Nick Veenstra, research and development project manager at ETC, heads down a stairway along stacked shipping containers that have been transformed into offices at the Middleton lighting company, 3031 Pleasant View Road.

The LED research and development offices are built from former cargo containers at ETC, Electronic Theatre Controls, Middleton. 

The company headquarters of ETC, Electronic Theatre Controls, is at 3031 Pleasant View Road, Middleton.

In the past, they were used to cart merchandise across the ocean — perhaps clothing or other non-perishables.

Now, 40 corrugated steel shipping containers will see new life as offices for as many as 100 employees of ETC, Electronic Theatre Controls, in Middleton.

The upcycling project is part of a nearly 75,000-square-foot addition that will be built onto ETC’s headquarters at 3031 Pleasant View Road. It will make room for a total of 250 more employees at the theatrical lighting company that already has a staff of more than 1,000 worldwide, including 600 in Middleton and 250 in Mazomanie.

The $16 million addition will be the second expansion of ETC’s main building since it was built in 2004, with a showpiece lobby whose mesh walls are designed to look like a scene out of Midtown Manhattan in the 1930s, complete with a theater marquee, a reception desk like the diner counter in Edward Hopper’s painting “Nighthawks,” and the Empire State Building outlined as a backdrop.

The salvaged shipping containers will make up part of the new floor space, and will house ETC’s research and development department.

Each unit is 40 feet long, eight feet wide and nine-and-a-half feet tall, said Brad Crowley, president of 1848 Construction, the Middleton design-build firm in charge of the construction project.

“These containers are called one-trip containers. ... They travel the ocean one time, bringing goods and products here,” Crowley said. They are manufactured in Far East Asia, probably China, he said.

ETC has been experimenting with the cargo carriers for the past couple of years, first with one container and then adding four more onto its manufacturing floor.

The units have been gaining popularity across the U.S. They are used for tiny homes and more: Las Vegas has a container-built shopping center; Fort Worth, Texas, has a three-story office building underway; and in Columbus, Ohio, the shipping structures are being transformed into an apartment building.

Crowley said ETC’s containers — which will be visible to motorists along Airport Road through large glass windows on the north side of the addition — will make a mark on this area.

“We have no research on it but we think this is the largest container project in the state,” he said. “It’s pretty neat. ... It’s a fun project because it’s new and different.”

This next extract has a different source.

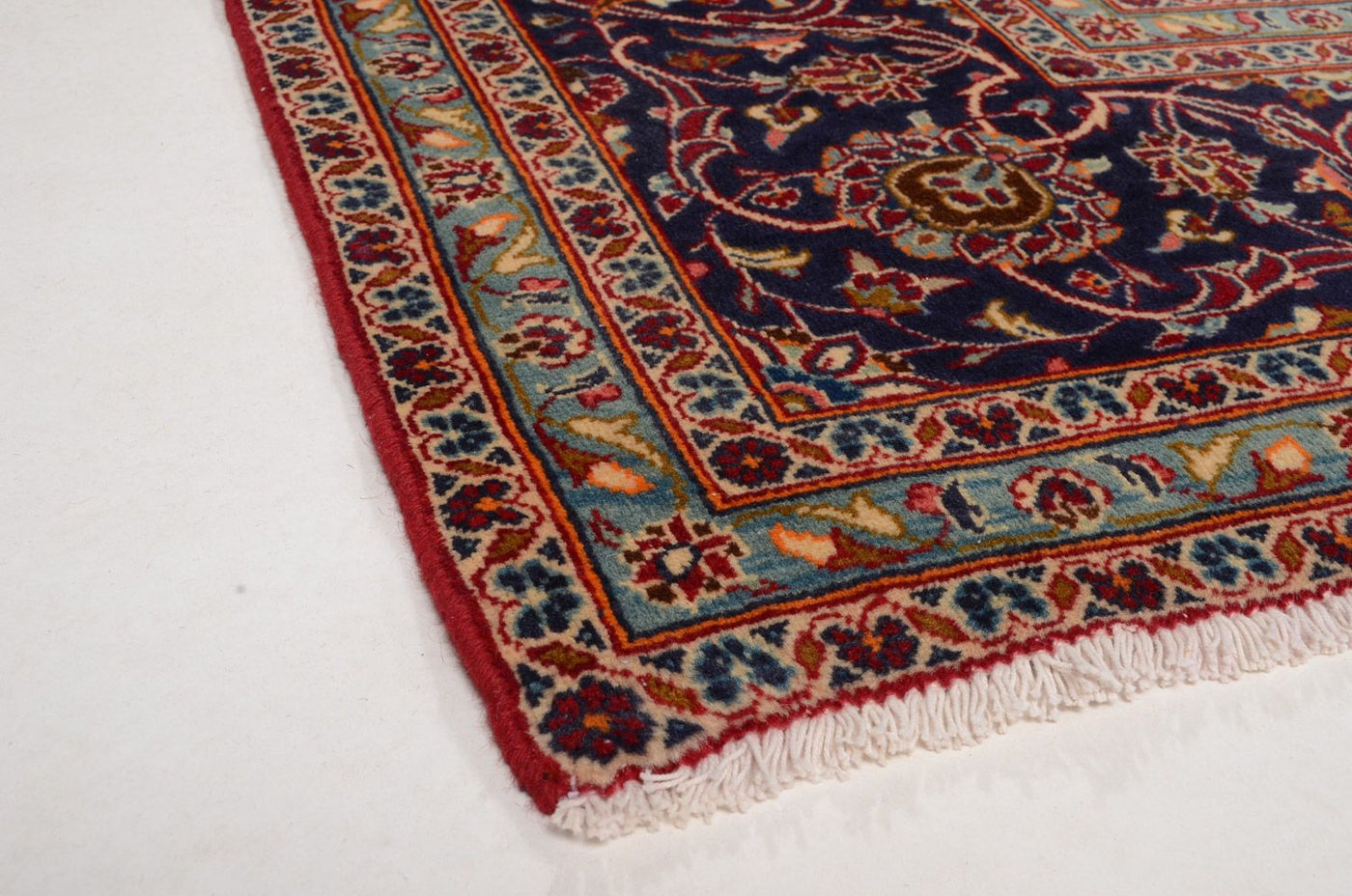 Kashan Teppe 398x293cm - Persisk teppe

ETC’s former cargo carriers are scheduled to arrive in late June or early July. The entire addition is expected to be completed in spring 2018.

The city of Middleton has agreed to provide up to $3.6 million in tax incremental financing. Under the plan, as the addition is built and ETC pays higher property taxes, a portion of those taxes will be returned to the company, totaling up to $3.6 million. ETC will have to keep an average of 625 full-time employees during that period.

ETC has facilities around the world and continues to grow. In April, ETC bought an Austin, Texas, lighting firm that specializes in live events. High End Systems has about 70 employees and had been owned by Barco, of Belgium.

Terms of the deal were not disclosed.

Founded in 1976, privately owned ETC has its lights and lighting equipment installed in venues worldwide, from Madison’s Overture Center to the Copenhagen Opera House to the Grand Mosque in Abu Dhabi.

The company had $270 million in revenue in 2016.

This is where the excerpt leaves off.